Maybe it was a sense of something unusual going on inside. In fact, what was unusual for this high street legend was that it was packed to the rafters with shoppers
You couldn't move inside. But this once glorious shop now resembled at best a jumble sale, that is the start of a jumble sale, when traders push innocent punters aside to get their hands on the best of what's on offer.
As I stood taking in the atmosphere, all I could smell was death of an institution. But this did not concern shoppers who eyed a bargain.
It was like attending a wake, when cold-blooded relatives pocket something valuable from the house of the deceased before anyone notices that it has disappeared.

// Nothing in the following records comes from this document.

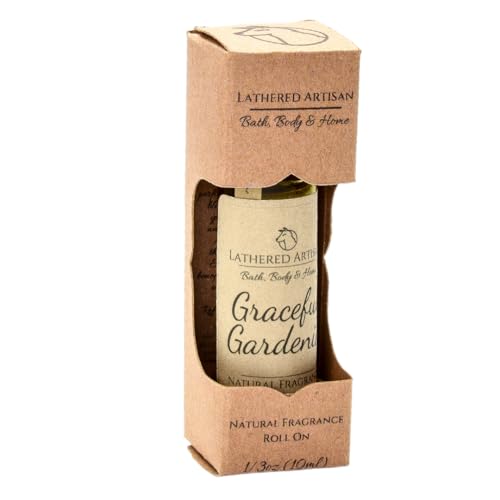 Graceful Gardenia - Natural Fragrance Unisex Oil Perfume by Lathered Artisan - Alcohol-Free Plant Based Oil Perfume and Cologne, Nourishing, and Uniquely Handcrafted (Graceful Gardenia - Roll On)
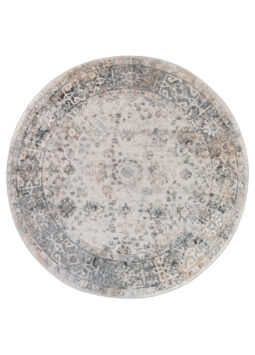 Vloerkleed Valley Rond Grijs Beige Ornamenten Frame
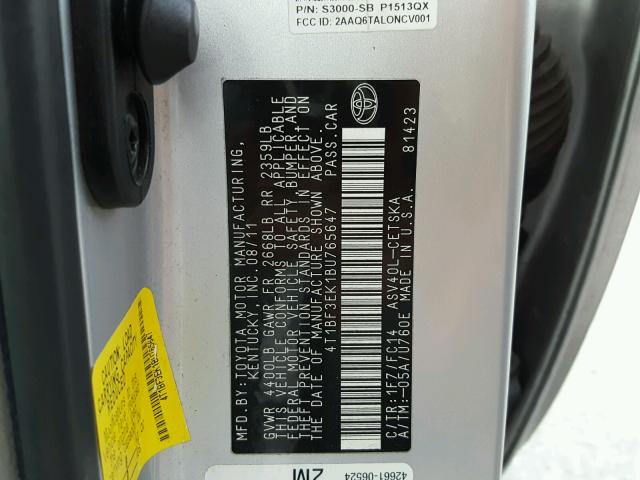 4T1BF3EK1BU765647 - 2011 TOYOTA CAMRY BASE SILVER photo 10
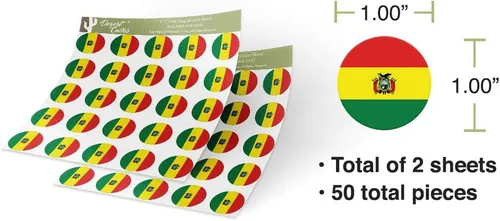 Miniatura 3 de Desert Cactus Calcomanía de vinilo con la bandera de Bolivia de 1 pulgada, redondas, dos hojas, 50 piezas en total, con logotipo de país, álbum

Across Stoke-on-Trent I'm sure the same scenario was acted out. It all seemed so desperate. Desperate for the 30,000 Woolies staff who face an uncertain future and desperate for the shoppers to grab a bargain before they become the victims of the credit crunch.
And just a short distance down the road the death toll was loud and clear for that other retail giant MFI.
White vans queued up outside the store in Stoke-on-Trent like hearses destined for the cemetery. Brightly-coloured signs gleefully screamed 'Closing Down Sale, Everything Must Go', but there was no glee in the faces of shoppers or staff.
Indeed, there was a certain furtiveness about the shoppers, a feeling that they didn't want to be seen making profit while there was so much loss.
Like children in the sweet shop, they didn't want to be seen stealing the penny chews.